Song by The Feelers

from the album Playground Battle
- Songwriter: James Reid

= Stand Up (The Feelers song) =

"Stand Up" is a song recorded by New Zealand band The Feelers for their third studio album, Playground Battle (2003). Written by band singer James Reid, the song reached number seventeen on the New Zealand Singles Chart and won the New Zealand Music Award for Radio Airplay Record of the Year. Stan Walker covered the song in 2010.

==Background==
"Stand Up" was written by The Feelers singer James Reid.

==Reception==
"Stand Up" peaked at number seventeen on the New Zealand Singles Chart, and spent a total of twenty-nine weeks on the chart. It won the New Zealand Music Award for Radio Airplay Record of the Year in 2006.

==Use in media==
The New Zealand National Party used "Stand Up" in its campaign leading up to the New Zealand general election, 2011. Reid stipulated that the band's decision to allow the song to be used by the National Party did not indicate any kind of political endorsement.

==Stan Walker version==

Australian Idol season 7 winner Stan Walker recorded a cover of the song in March 2010. It was released as a digital download on 19 April 2010.

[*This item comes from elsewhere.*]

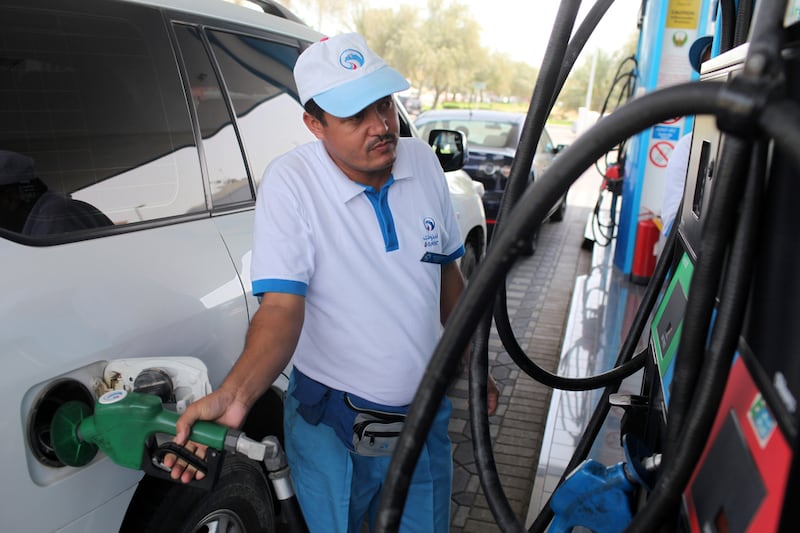 An Adnoc attendant is seen filling a car with petrol in Abu Dhabi. Petrol prices in the UAE have reflected the trend in the global oil market. Sammy Dallal / The National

The cover was used as the official song for the All Whites' campaign for the 2010 FIFA World Cup, which it was especially recorded for. New Zealand Football CEO Michael Galding said "lyrically, the song captures everything this campaign is about". Walker said that "The All Whites have certainly earned my respect and support with reaching the pinnacle of their sport".

===Music video===

Walker holding up an All Whites banner in the music video

A music video was shot for the single, and was released on 20 April. It consists of various football supporters at All Whites games, and Walker at a recording studio.

===Critical reception===
The song received criticism from the public, including radio DJ Jason Reeves, who called the song "weak". All White Ben Sigmund, who "prefers rock music before matches", said "it's not the kind of song he'd listen to before a game". The New Zealand Heralds Michael Brown called the cover "a decent song. But it's a cover."